What is required: Below are records; reproduce exactly the lines from the one that has "Boutique Apartment With" through the one that has "9684 Fm 437, Rogers, TX 76569", ends included, and nothing more.

____________________

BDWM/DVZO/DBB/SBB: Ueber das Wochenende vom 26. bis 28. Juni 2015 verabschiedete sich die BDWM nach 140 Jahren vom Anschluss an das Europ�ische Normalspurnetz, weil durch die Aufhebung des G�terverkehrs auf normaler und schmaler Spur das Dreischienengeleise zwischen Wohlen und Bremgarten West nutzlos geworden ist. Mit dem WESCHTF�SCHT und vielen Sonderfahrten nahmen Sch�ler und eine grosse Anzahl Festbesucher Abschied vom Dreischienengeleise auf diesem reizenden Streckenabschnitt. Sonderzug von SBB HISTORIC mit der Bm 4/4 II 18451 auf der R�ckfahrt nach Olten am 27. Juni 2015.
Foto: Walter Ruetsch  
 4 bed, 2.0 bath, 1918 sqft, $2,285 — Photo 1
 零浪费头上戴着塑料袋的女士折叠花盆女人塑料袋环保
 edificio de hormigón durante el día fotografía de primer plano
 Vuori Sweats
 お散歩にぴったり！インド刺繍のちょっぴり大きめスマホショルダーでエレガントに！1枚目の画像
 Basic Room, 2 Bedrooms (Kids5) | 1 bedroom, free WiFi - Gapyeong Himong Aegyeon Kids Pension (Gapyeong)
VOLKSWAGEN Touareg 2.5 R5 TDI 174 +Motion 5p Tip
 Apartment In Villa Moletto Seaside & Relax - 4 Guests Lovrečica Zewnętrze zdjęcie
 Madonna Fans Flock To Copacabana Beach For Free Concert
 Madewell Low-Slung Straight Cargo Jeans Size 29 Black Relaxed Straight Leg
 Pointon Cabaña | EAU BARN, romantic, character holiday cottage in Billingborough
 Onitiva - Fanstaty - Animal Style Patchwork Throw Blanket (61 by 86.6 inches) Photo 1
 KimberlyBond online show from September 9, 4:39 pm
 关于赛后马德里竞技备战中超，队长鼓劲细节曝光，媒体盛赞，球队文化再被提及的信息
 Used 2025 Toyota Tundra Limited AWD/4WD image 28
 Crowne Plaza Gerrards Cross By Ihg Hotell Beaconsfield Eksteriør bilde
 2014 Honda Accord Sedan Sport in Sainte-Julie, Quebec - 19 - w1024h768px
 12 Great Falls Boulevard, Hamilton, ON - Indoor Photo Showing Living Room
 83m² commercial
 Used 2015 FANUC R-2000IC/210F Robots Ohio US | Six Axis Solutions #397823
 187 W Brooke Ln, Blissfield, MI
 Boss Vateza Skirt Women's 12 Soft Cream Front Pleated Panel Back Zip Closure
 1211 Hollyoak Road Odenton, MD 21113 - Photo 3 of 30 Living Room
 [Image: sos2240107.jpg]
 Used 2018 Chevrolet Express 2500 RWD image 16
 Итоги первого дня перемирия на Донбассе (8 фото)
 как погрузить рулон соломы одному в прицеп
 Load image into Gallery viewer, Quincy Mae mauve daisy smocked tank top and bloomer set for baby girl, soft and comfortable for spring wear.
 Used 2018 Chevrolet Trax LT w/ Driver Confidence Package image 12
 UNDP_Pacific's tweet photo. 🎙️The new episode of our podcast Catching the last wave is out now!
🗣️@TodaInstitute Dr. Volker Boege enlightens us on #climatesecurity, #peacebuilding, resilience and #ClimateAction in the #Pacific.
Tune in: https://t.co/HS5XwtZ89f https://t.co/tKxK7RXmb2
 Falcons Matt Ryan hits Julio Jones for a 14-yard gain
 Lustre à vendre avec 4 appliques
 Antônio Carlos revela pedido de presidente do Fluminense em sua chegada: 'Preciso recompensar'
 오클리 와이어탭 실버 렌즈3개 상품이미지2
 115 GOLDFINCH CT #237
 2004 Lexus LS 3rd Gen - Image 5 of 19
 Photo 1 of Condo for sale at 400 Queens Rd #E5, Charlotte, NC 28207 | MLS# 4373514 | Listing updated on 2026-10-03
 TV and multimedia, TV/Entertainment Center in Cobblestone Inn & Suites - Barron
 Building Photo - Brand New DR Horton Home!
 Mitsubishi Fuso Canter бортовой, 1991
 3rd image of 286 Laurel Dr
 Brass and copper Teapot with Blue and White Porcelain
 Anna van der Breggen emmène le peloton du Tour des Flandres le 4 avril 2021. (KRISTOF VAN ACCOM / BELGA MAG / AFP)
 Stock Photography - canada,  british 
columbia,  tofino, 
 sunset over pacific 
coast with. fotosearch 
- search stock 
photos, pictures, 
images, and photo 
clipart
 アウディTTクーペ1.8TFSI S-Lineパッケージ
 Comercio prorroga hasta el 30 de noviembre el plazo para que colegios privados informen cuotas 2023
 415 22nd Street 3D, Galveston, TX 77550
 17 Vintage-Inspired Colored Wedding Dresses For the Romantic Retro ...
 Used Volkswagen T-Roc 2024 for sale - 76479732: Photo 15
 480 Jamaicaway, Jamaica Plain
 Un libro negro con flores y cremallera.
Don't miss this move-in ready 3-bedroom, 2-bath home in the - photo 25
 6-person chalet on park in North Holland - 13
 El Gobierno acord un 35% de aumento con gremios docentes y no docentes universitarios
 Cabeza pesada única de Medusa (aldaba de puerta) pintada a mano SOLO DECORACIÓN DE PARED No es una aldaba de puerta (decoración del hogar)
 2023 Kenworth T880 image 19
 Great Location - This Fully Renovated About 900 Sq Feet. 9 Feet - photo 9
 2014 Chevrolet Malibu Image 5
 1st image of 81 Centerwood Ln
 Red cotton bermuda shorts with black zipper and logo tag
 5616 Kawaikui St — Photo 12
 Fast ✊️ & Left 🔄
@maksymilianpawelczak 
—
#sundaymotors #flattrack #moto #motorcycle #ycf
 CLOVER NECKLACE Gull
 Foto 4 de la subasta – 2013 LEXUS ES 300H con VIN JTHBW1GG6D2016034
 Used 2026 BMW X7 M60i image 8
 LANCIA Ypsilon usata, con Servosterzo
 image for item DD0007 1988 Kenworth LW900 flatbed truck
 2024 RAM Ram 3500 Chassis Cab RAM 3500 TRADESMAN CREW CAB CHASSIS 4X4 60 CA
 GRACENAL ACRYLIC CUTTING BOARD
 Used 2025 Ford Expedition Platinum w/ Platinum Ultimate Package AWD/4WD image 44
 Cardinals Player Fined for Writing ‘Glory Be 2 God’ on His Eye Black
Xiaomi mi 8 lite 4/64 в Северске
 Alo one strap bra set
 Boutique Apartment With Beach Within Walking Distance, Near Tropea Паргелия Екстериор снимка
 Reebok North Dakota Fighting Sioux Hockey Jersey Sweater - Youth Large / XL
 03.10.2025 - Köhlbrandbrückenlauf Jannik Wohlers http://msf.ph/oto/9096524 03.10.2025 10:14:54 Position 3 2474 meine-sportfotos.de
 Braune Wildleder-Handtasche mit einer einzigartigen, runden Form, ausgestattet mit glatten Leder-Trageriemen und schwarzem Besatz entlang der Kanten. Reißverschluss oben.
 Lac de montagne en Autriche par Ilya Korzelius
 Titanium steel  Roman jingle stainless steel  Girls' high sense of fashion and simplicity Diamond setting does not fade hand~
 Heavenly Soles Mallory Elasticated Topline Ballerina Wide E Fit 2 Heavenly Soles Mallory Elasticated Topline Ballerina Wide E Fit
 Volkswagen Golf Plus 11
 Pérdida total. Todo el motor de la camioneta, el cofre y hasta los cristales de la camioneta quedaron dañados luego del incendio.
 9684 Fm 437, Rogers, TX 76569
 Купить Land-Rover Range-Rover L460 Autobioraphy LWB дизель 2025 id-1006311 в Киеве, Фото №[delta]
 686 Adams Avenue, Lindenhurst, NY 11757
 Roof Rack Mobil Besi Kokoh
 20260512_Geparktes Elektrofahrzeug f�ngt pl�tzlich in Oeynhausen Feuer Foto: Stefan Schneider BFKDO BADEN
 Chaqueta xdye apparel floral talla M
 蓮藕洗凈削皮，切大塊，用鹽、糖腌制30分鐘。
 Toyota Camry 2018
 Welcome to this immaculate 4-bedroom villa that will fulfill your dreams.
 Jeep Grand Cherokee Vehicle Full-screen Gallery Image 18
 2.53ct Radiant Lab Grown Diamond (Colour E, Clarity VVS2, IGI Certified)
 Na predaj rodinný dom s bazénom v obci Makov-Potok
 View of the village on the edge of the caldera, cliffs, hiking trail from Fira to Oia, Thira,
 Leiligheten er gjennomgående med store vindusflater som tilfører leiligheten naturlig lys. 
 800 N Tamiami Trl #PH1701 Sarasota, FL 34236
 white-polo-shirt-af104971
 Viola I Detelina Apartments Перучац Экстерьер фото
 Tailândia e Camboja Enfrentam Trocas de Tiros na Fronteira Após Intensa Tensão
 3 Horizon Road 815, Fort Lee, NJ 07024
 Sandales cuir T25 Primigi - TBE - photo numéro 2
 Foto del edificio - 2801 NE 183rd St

____________________

Solution to this task:
 Boutique Apartment With Beach Within Walking Distance, Near Tropea Паргелия Екстериор снимка
 Reebok North Dakota Fighting Sioux Hockey Jersey Sweater - Youth Large / XL
 03.10.2025 - Köhlbrandbrückenlauf Jannik Wohlers http://msf.ph/oto/9096524 03.10.2025 10:14:54 Position 3 2474 meine-sportfotos.de
 Braune Wildleder-Handtasche mit einer einzigartigen, runden Form, ausgestattet mit glatten Leder-Trageriemen und schwarzem Besatz entlang der Kanten. Reißverschluss oben.
 Lac de montagne en Autriche par Ilya Korzelius
 Titanium steel  Roman jingle stainless steel  Girls' high sense of fashion and simplicity Diamond setting does not fade hand~
 Heavenly Soles Mallory Elasticated Topline Ballerina Wide E Fit 2 Heavenly Soles Mallory Elasticated Topline Ballerina Wide E Fit
 Volkswagen Golf Plus 11
 Pérdida total. Todo el motor de la camioneta, el cofre y hasta los cristales de la camioneta quedaron dañados luego del incendio.
 9684 Fm 437, Rogers, TX 76569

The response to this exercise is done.